### Work to be completed
In your copy, include every line of the records exactly and no picture at all.

§

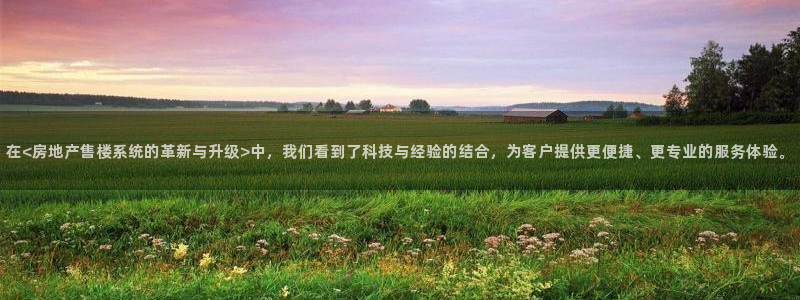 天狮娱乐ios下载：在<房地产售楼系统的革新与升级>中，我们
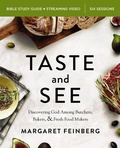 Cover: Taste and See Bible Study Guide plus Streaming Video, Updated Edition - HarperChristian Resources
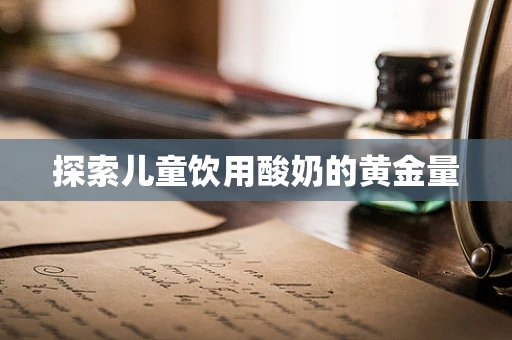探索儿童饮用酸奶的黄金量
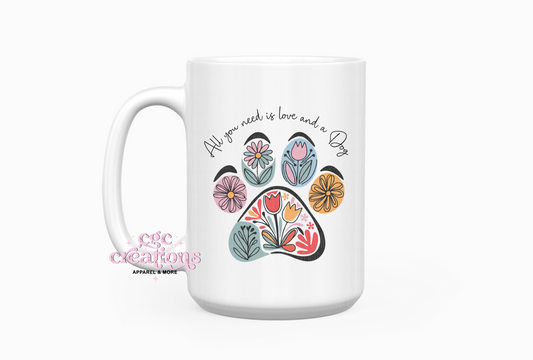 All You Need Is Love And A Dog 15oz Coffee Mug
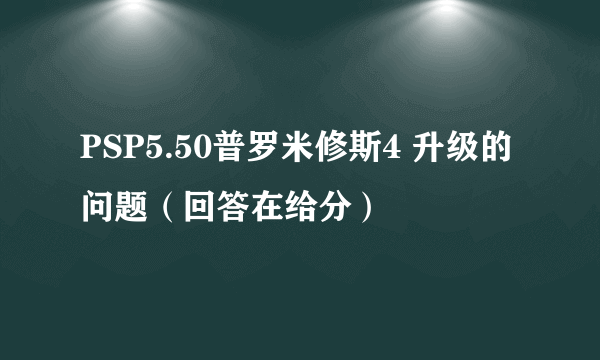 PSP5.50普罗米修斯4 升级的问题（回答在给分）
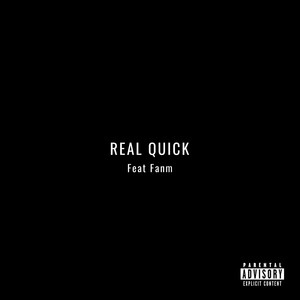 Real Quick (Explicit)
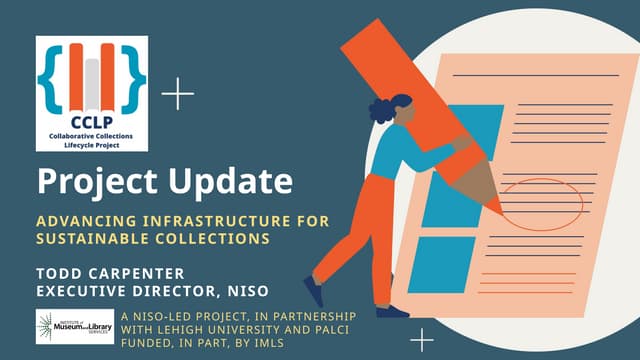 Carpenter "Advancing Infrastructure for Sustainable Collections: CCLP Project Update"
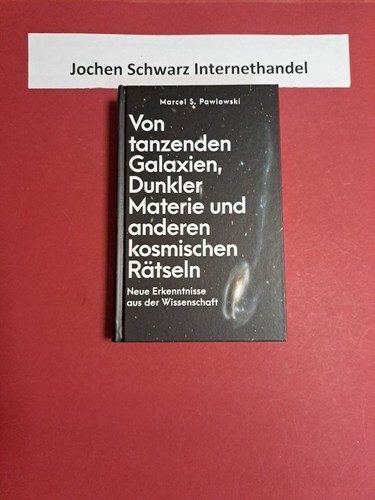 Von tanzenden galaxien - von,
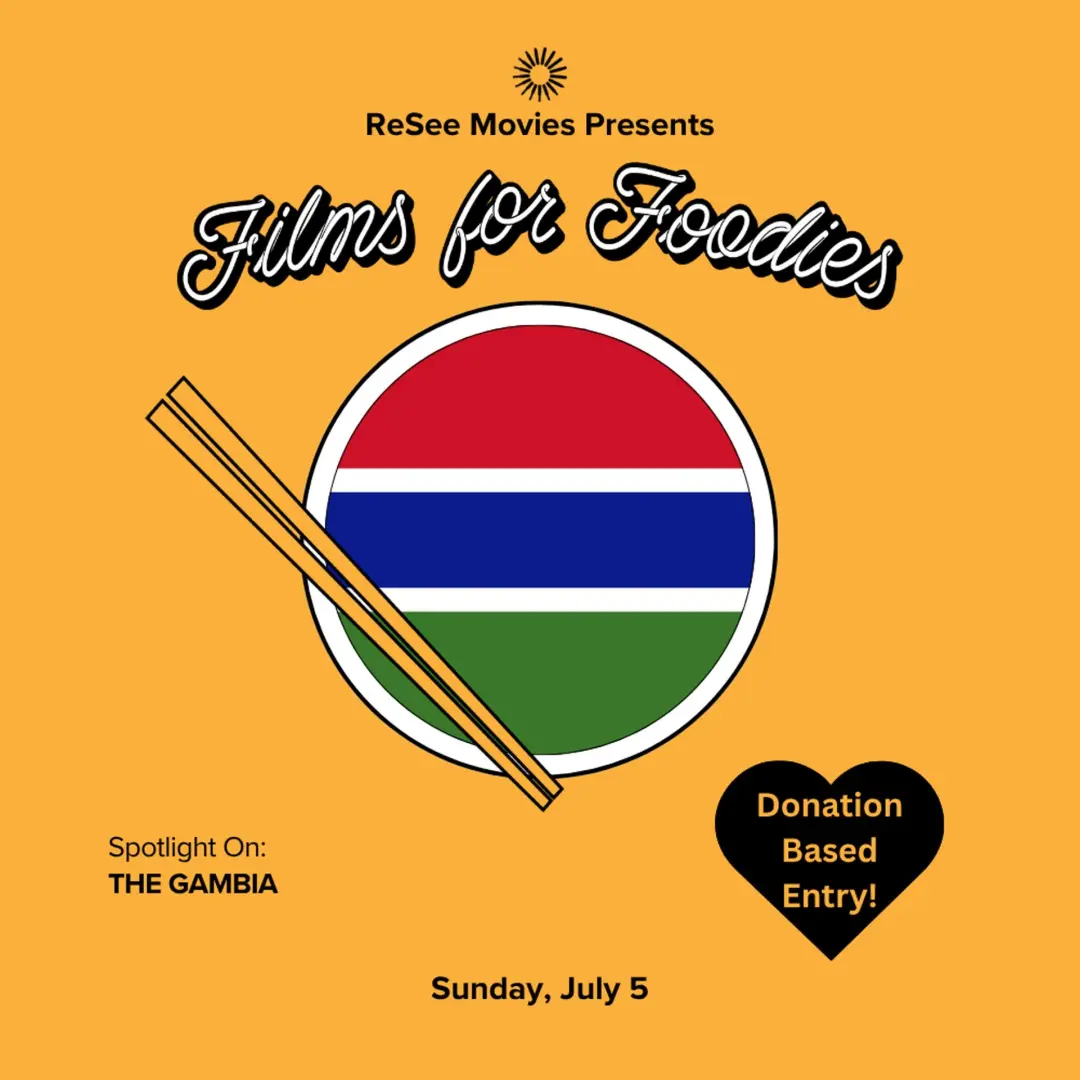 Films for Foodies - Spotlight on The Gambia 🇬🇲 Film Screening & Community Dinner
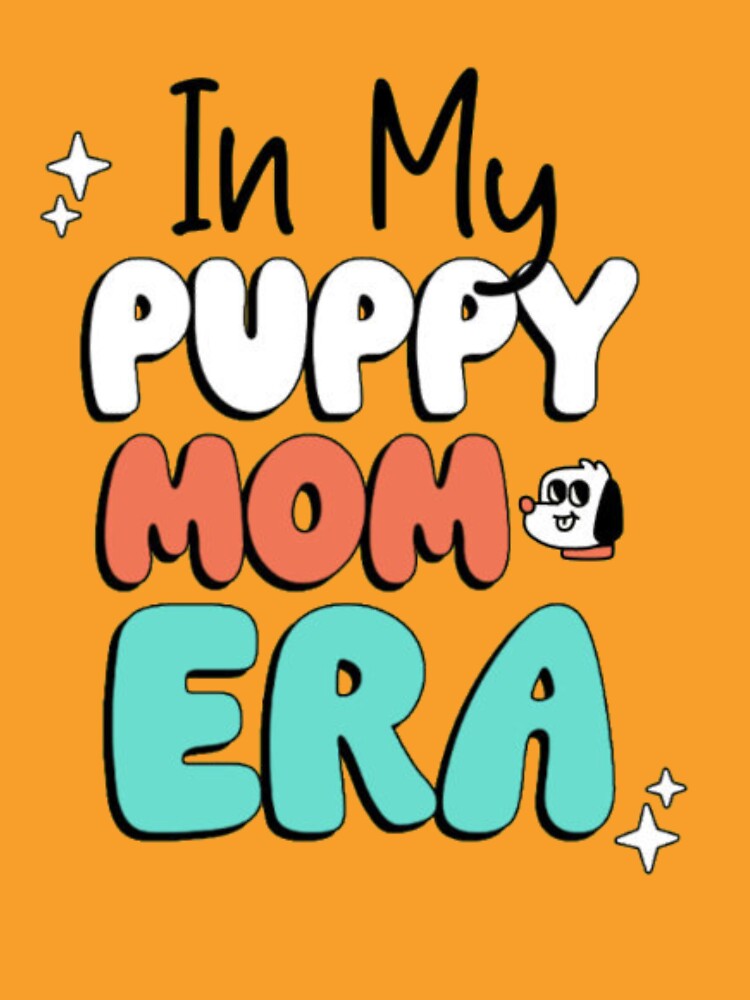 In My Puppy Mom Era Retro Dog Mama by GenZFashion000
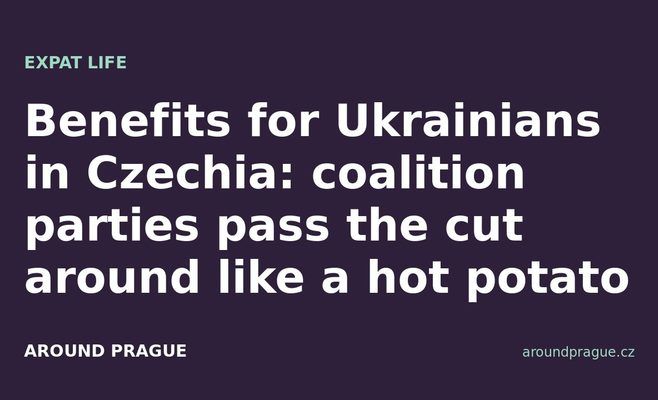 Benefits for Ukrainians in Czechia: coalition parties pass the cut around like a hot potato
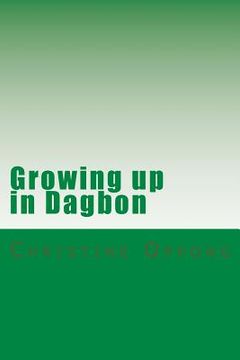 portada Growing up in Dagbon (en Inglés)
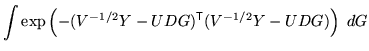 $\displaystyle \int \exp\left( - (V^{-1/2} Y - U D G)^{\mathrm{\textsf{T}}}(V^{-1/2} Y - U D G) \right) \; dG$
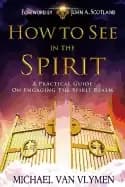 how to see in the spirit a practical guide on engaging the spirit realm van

§

### The answer
 天狮娱乐ios下载：在<房地产售楼系统的革新与升级>中，我们
 Cover: Taste and See Bible Study Guide plus Streaming Video, Updated Edition - HarperChristian Resources
探索儿童饮用酸奶的黄金量
 All You Need Is Love And A Dog 15oz Coffee Mug
 PSP5.50普罗米修斯4 升级的问题（回答在给分）
 Real Quick (Explicit)
 Carpenter "Advancing Infrastructure for Sustainable Collections: CCLP Project Update"
 Von tanzenden galaxien - von,
 Films for Foodies - Spotlight on The Gambia 🇬🇲 Film Screening & Community Dinner
 In My Puppy Mom Era Retro Dog Mama by GenZFashion000
 Benefits for Ukrainians in Czechia: coalition parties pass the cut around like a hot potato
 portada Growing up in Dagbon (en Inglés)
 $\displaystyle \int \exp\left( - (V^{-1/2} Y - U D G)^{\mathrm{\textsf{T}}}(V^{-1/2} Y - U D G) \right) \; dG$
 how to see in the spirit a practical guide on engaging the spirit realm van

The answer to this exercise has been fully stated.